At the time of our country’s founding, public education in England was a relatively new concept only having started in the mid 1700’s. It is important to realize that the founders viewed this as a critical component of self-governance. Since our country was founded from a revolution against England, and England had just begun public education, it is natural that they would see public education not only reasonable, but, in fact essential for a country embarking on the unknown ‘experiment’ of self-governance. Thus, they concluded educating the citizens to be of paramount importance for this new form of government to succeed.
There are, in the statement above, two essential ideas that have to be understood for this concept to produce positive results.
What does “making sure the citizens are knowledgeable enough” mean?
What does “make reasonably good decisions” mean?
Let take the first question, first.
How does one become knowledgeable enough? To ‘know’ something, has a variety of meanings in the dictionary, but we will focus on “to have understanding of”. The biggest issue with knowing something, is that, in today’s world this implies certainty, as if what one knows is an indisputable fact. All one has to do is remind ourselves of times we were certain of some issue, only to find out later that we didn’t possess other ‘facts’, and that had we known them, we’d come to a different conclusion. Sound familiar? We’ve all done it, if we’re honest. Of course, it is difficult to admit it when we are wrong.
So, if we are honest, when we say we ‘know’ something, what we really mean in an everyday practical use of the term to “know” something, is to be highly likely we are correct, based on the facts we have at hand and how we think about them, to come to a reasonable conclusion in the time we allow ourselves to make our decisions. We are inundated every day with situations, that in one way or another, demand decisions from us.
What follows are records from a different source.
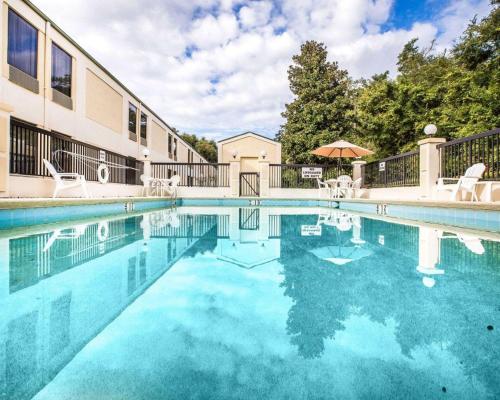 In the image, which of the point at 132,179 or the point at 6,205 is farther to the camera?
the point at 132,179

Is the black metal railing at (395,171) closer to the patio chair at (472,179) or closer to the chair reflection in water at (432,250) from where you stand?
the patio chair at (472,179)

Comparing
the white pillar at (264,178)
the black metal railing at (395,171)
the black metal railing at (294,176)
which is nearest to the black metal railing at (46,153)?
the white pillar at (264,178)

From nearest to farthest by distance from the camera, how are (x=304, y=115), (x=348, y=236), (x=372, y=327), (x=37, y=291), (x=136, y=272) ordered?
(x=372, y=327) < (x=37, y=291) < (x=136, y=272) < (x=348, y=236) < (x=304, y=115)

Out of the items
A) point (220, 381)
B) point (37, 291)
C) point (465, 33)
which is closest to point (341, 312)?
point (220, 381)

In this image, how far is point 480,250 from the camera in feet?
9.82

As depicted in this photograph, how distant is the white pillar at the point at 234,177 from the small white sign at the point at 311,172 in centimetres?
312

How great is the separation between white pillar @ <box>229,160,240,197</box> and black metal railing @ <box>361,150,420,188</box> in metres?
5.75

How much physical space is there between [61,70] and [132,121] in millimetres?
5862

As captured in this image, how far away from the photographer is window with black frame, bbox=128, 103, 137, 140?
16.0 meters

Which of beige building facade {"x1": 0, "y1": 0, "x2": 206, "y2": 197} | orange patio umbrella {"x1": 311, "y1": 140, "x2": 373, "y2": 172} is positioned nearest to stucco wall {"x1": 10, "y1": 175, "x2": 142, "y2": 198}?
beige building facade {"x1": 0, "y1": 0, "x2": 206, "y2": 197}

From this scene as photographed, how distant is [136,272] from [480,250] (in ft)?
10.6

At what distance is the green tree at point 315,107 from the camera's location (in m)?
17.3

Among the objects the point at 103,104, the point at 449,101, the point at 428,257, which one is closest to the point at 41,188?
the point at 103,104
Researchers have estimated that the average person makes 35,000 decisions each day! That translates into us making a decision in less than every 2 seconds during our waking hours. We haven’t the time to ponder each one ad infinitum.
So, we conclude that what we ‘know’ is limited to the information we have available to us at the time of our decision. We do not have the time to know something for certain. If we are honest, we admit that we, in most cases, decide by being ‘pretty sure’.
The point here is that even to be ‘pretty sure’ we need to know how to think through issues and decisions that we have to make. Not the easy ones, like how to spell a certain word or its meaning, or that 2+2=4 (each of which allow us to communicate rapidly), but the difficult ones, should parents decide what is taught in school or should the education professionals make that decision?
This is what education is supposed to be teaching our youth today, how to think through a problem, not to regurgitate only one answer. Unfortunately, it appears to be failing this responsibility. The easiest example is the recent proclamation by a young high school student that Martin Luther King. Jr. freed the slaves. How is it possible in this day and age that someone could get that historical fact so obviously wrong?
The second question was how does one make reasonably good decisions.
Functioning maturing human beings possess at least both emotion and logic. If you observe people, you might notice that, unfortunately, many people make their decisions emotionally and then rationalize their decision to make it comfortably fit into their world view.
A simple example of this is when we become fixated on acquiring something that we believe will make us happy, but perhaps is outside our current means to acquire it. New clothes, a new electronic gadget, a new car, the list is endless. Our emotional choice to acquire it will likely motivate us to conjure up ways to adjust our current life style thus allowing us to make the purchase. “I’ll give up buying soda for a couple of months”. Many times, our decisions are driven by our emotions first and we only use logic to rationalize our already-made emotional decision.
Our emotions frequently tend to defy the natural logic and make us ignore the practical consequences of those decisions. Sometimes that is okay, but an experienced and honest person will admit, that the consequences of making emotional decisions, especially based on negative emotions, mostly end up bad for us.
Most of us come into this world with a fully operational set of emotional abilities. The first one we use is that ‘cry’, telling our mothers we need something. What we don’t come fully equipped with is the accumulated (and sometimes updated) knowledge of all of our predecessors. Most of us learn this knowledge in school. Acquiring this knowledge is critical to maintain our ability to think through our decisions and not only rely on our emotions to make them for us. As our society continues down the path of more technology, based on the logical laws of physics and bio-medical science, so far found and yet to be discovered, it is critical that our schools teach our students to understand their emotions and to not become victimized by their uncomfortable ones. They need to learn how to think for themselves, and not program them with only one thing to think.
Teaching students how to think and not what to think, is how we preserve the continued success of the greatest experiment of self-governance in the history of the world.